_Source information_.
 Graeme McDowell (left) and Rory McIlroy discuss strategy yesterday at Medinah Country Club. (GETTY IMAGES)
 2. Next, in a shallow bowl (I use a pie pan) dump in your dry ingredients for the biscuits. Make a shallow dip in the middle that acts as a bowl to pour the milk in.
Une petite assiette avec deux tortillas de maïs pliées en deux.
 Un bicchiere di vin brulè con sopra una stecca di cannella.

==

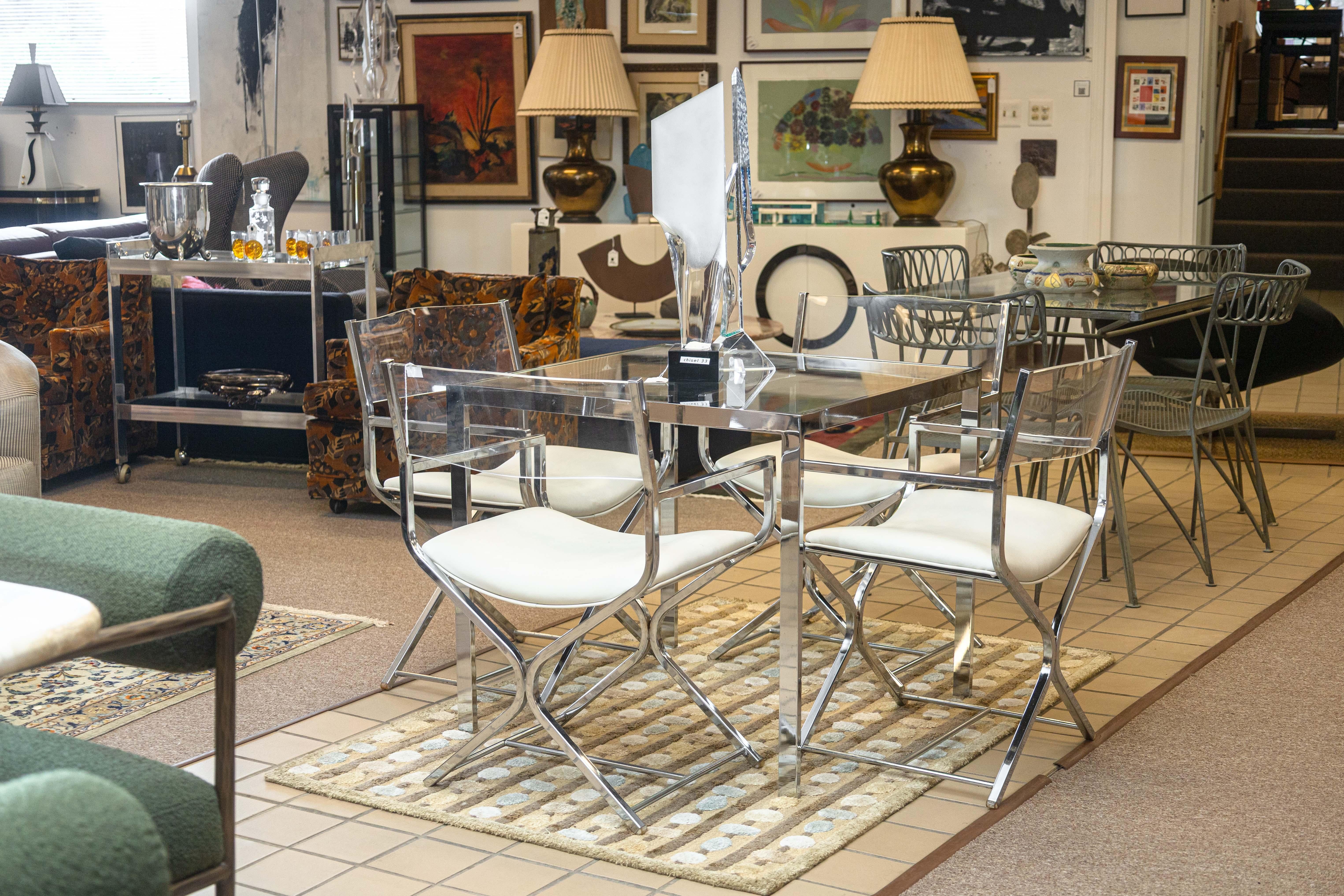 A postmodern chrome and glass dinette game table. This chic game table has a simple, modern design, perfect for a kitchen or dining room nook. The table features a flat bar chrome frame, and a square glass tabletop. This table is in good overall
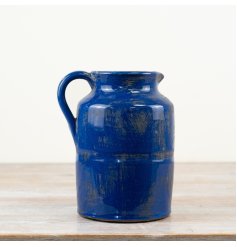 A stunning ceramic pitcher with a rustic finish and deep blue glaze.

* * *

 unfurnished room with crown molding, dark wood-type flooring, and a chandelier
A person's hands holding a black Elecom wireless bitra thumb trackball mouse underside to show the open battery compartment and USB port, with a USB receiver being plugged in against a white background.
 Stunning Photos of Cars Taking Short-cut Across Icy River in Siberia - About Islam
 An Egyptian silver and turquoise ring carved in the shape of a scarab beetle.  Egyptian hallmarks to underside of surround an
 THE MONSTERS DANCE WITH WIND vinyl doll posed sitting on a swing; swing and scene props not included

_Problem details_.
Copy the records above exactly, beginning at the line that contains "2. Next, in" and stopping after the line that contains "Un bicchiere di".

_Response to the task_.
 2. Next, in a shallow bowl (I use a pie pan) dump in your dry ingredients for the biscuits. Make a shallow dip in the middle that acts as a bowl to pour the milk in.
Une petite assiette avec deux tortillas de maïs pliées en deux.
 Un bicchiere di vin brulè con sopra una stecca di cannella.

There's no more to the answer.